Die weiteren Jahresläufe von Moscheles’ Biographie bringen noch viel Anziehendes und Bemerkenswerthes. Darunter zählen wir besonders seinen Verkehr mit Walter Scott, Henriette Sonntag und Paganini. Sehr hübsch ist ein Abend bei Moscheles beschrieben, wo Henriette Sonntag mit Walter Scott und Clementi zusammentraf und die beiden alten Herren der reizenden Sängerin ganz entzückt den Hof machten. Walter Scott beschrieb ihr jede Falte des schottischen Costüms, wie sie es in der „Donna del Lago“ tragen müsse, und Clementi erhob sich plötzlich mit den Worten: „Heute Abends möchte ich auch spielen!“ Das gab allgemeinen Jubel. „Er phantasierte mit Jugendfrische,“ schreibt Moscheles, „und schon der Umstand, daß er sich sonst nie hören ließ, gab seinem Spiele großen Reiz. Nun hätte ihr sehen sollen, wie die beiden Greise, Scott und Clementi, sich über einander freuten, sich die Hände gaben, trotz beiderseitiger Sonntag-Bewunderung gar nicht eifersüchtig auf einander waren, sondern der große Mann dem großen Manne Anerkennung zollte.“ Auch Heinrich Heine kam in London gern und häufig in Moscheles’ Haus, meist ungebeten, zu Tische. Frau Moscheles verschaffte ihm zu allen Privat-Galerien, Parks, öffentlichen Gebäuden die Einlaßkarten, bat sich aber dafür aus, daß Heine in seinem Buche über England Moscheles nicht nenne. Auf sein Erstaunen erklärte sie weiter: „Moscheles’ Specialität ist die Musik, die interessirt Sie vielleicht, aber Sie haben doch kein besonderes Verständniß dafür, können also nicht eingehend darüber schreiben. Hingegen könnten Sie leicht irgend einen Anhalt für Ihre genialisch-satyrische Ader an ihm finden und den bearbeiten, das möchte ich nicht.“ Heine gab ihr lachend seine Hand darauf.
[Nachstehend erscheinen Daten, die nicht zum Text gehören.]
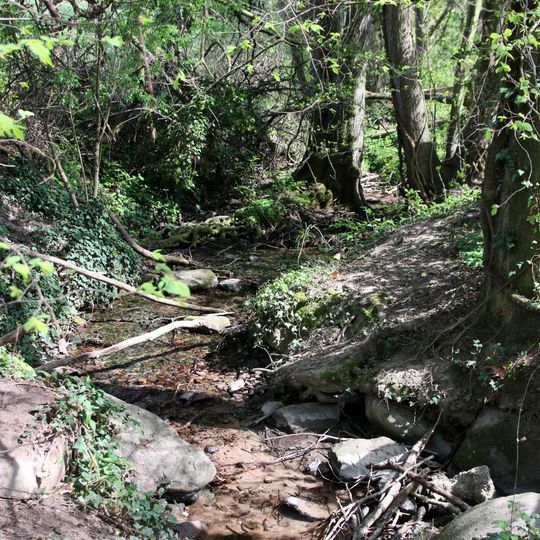 Waldteil bei der Lochmühle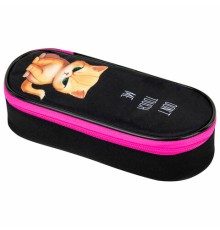 Пенал-футляр BRAUBERG, 1 отделение, органайзер, полиэстер, 22x9х5 см,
Ein hübscher, echt weiblicher Zug. Moscheles’ Biographie wird je weiter desto reichhaltiger und lebendiger. Wir haben allen Grund, dem zweiten Bande mit Vergnügen entgegenzusehen, und werden nicht unterlassen, seinerzeit unseren Lesern davon zu erzählen.

Fußnoten
  • *)Aus Moscheles’ Leben.“ Nach Briefen und Tagebüchern herausgegeben von seiner Frau. Erste Band. 1872. Leipzig, bei Duncker und Humbolt.